De la producción cuentística surgida de ese conflicto civil europeo que fue la Gran Guerra, es una pequeña muestra —doblemente pequeña: por la circunscripción idiomática y la limitación del espacio— la presente selección de veinte relatos publicados en inglés a lo largo de los veinte años posteriores al inicio del conflicto. Uno de sus objetivos ha sido aunar la variedad de procedencias con la variedad de sensibilidades y vivencias, en una gama que va desde el proselitismo al servicio de los intereses del Estado hasta el exorcismo de unas experiencias personales devastadoras, desde la propaganda pública hasta la catarsis personal. Así, por un lado, se ha intentado presentar autores procedentes de diferentes países ligados al Imperio británico y ofrecer un panorama de lo que cabría denominar la trinchera literaria del inglés, con relatos de escritores de los países anglófonos que combatieron junto al Reino Unido y el resto de los aliados. Y, por otro, se recogen las producciones literarias de hombres y mujeres, participantes y no participantes, partidarios y detractores, con objeto de reflejar la multiplicidad de posturas y reacciones ante la guerra, con más o menos énfasis en lo ideológico, lo estético, lo social o lo moral.

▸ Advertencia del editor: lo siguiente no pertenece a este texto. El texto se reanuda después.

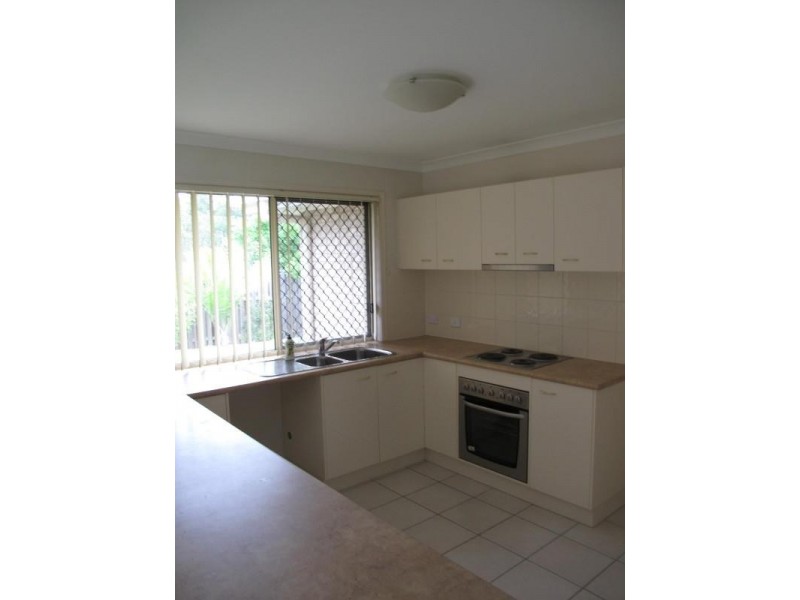 7 Innes Close, Parkinson QLD 4115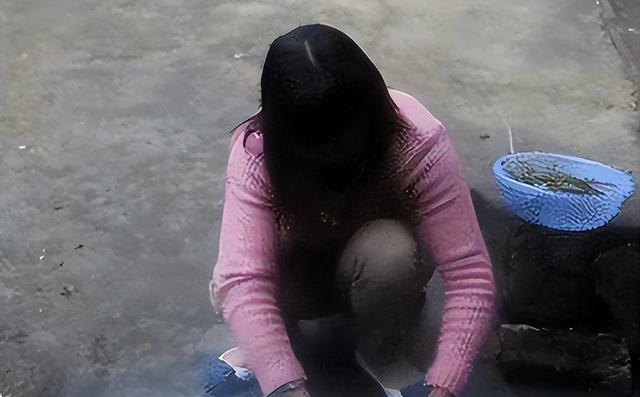 重庆一女子有两套生殖系统，先嫁老公生下一子，而后娶妻又得一娃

Nada más estallar la contienda y tras descubrir que Alemania y Austria-Hungría disponía de una oficina de prensa de guerra (para la austrohúngara trabajarían, entre otros, Hugo von Hofmannsthal, Robert Musil, Egon Schiele, Franz Werfel o Stefan Zweig), el gobierno británico nombró al periodista y político liberal Charles Masterman responsable de la Oficina de Propaganda de Guerra. La primera iniciativa de Masterman fue recurrir a los escritores, y el 2 de septiembre de 1914 se celebró una reunión a la que asistieron dos docenas de los literatos más famosos del momento. Los reunidos se juramentaron para trabajar en secreto en favor del esfuerzo de guerra. En la iniciativa —de cuya magnitud no se tuvo constancia hasta 1935— participaron William Archer, James M. Barrie, Arnold Bennett, John Buchan, Gilbert K. Chesterton, Arthur Conan Doyle, Thomas Hardy, Rudyard Kipling, Arnold Toynbee, Hugh Walpole, H. G. Wells y muchísimos otros hoy menos conocidos pero que en su momento gozaron de gran reputación. Dos de ellos, Kipling y Conan Doyle, están aquí representados.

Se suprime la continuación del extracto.